Led by Deputy Senate President, Dr. Ike Ekweremadu and the President-General of Ohanaeze Ndigbo, the Igbo socio-cultural group, John Nnia Nwodo, these eminent Igbo delegation who met with President Muhammadu Buhari in Aso Rock yesterday openly told him that his government has perpetually marginalised the South-east region. Recall that this government has carefully excluded the South-Eastern states from the ongoing revival of the railways across the country. The dredging of the River Niger has remained a political jargon and the second lane of the Niger Bridge also remain a political theory.
Aside from that, the same Buhari government that does not want the rail line to get to any eastern state is planning to link Nigeria the Niger Republic by rail. In Buhari’s government, aside from South-Easterners that won election on their merit, key appointments in the Army, Navy, Air force, Police, Customs, Immigration and a host of others excluded the South-Eastern states. The Igbo delegation comprising governors and deputy governors from five states of the zone, National Assembly leaders and ministers from the South-east, urged the President to address their plight, during the meeting held behind closed door.
Chief Nwodo who spoke with the media after the interface said the group had a blunt and fruitful discussion with the President. According to him, successive governments had abandoned infrastructural developments in the region, resulting in what he described as infrastructure deficit. He said the emergence of the Independent People of Biafra (IPOB), which has been campaigning for the secession of the South-east from Nigeria was a product of the region’s marginalisation.
Nwodo listed issues they tabled before the President to include cases of abandoned major roads such as Enugu-Onitsha, Enugu-Port Harcourt, Aba-Ikot Ekpene roads, in the region, which he said were no longer motorable. He also said the delegation called the President’s attention to infrastructure decay in the main airport in South-east, Akanu Ibiam International Airport in Enugu as well as the need to dredge the River Niger, reticulate gas pipelines in South-east and devolve powers to the states.

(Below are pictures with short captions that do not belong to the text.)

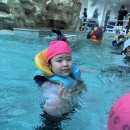 어룡태권도 이미지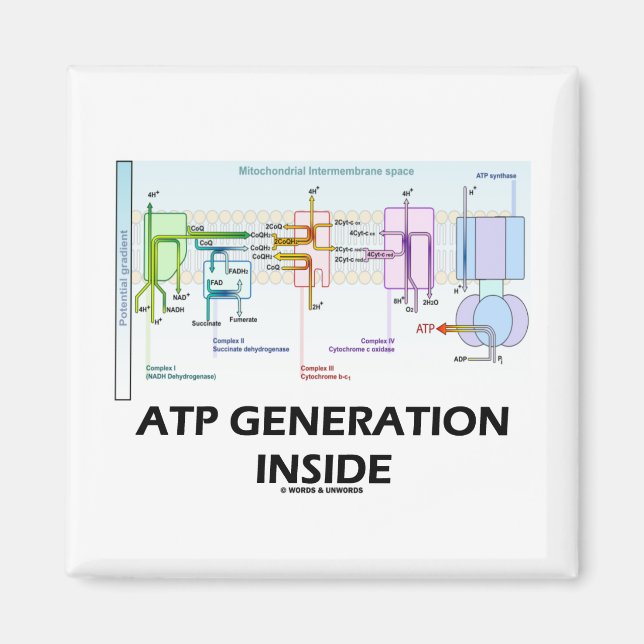 ATP Generation Inside (Elektronenverkehrskette) Magnet (Vorne)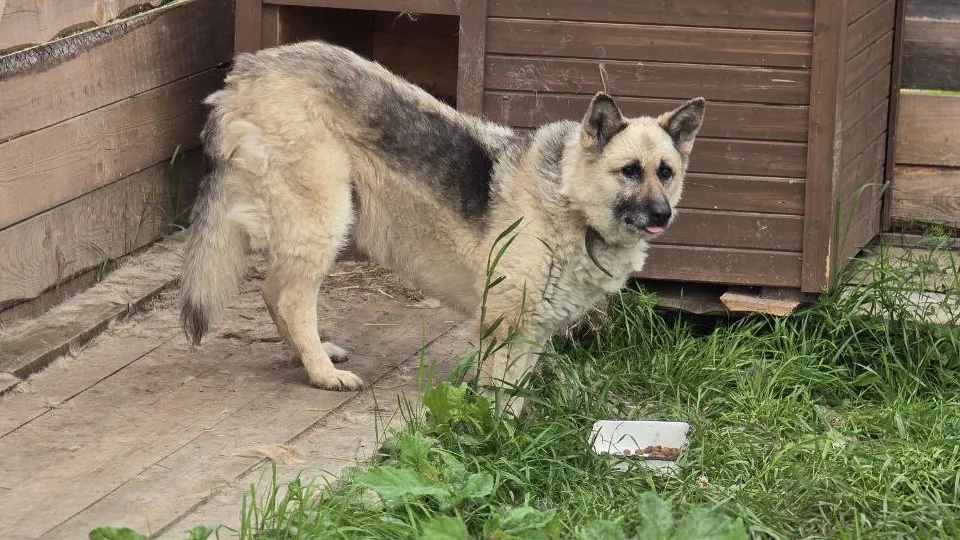 Фото: МедиаБанк Подмосковья/Яна Шаливская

According to him, President Buhari who could not deny these facts in his response, however requested for time to comprehensively examine their complaints. Nwodo said Buhari was frank in his expressions and they had no reason to doubt him. Mr. Femi Adesina, the spokesperson for Buhari who issued a ststement at the end of the meeting said the President told the delegation that he came to government with clear conscience, pledging that a substantial part of counterpart funding from the Chinese government would be deployed to fund infrastructural deficit in the region.
Those who attended the meeting aside from Ekweremadu and Nwodo were: Chairman of the South-east caucus in the National Assembly, Senator Enyinnaya Abaribe, Governors of Enugu State, Ifeanyi Ugwuanyi, his Abia and Ebonyi States counterparts, Dr. Okezie Ikpeazu and Dave Umahi while the governors of Imo and Anambra States, Rochas Okorocha and Willie Obiano, were represented by their respective deputies, Eze Madumere and Dr. Ikem Okeke. Others were Ministers of Trade and Investment, Dr. Okechukwu Enelamah, Minister of Science and Technology, Dr. Ogbonaya Onu, Minister of Labour, Dr. Chris Ngige and Minister of Foreign Affairs, Geofrrey Onyema. It was not surprising that Okorocha avoided the meeting because of his anti-Igbo agenda.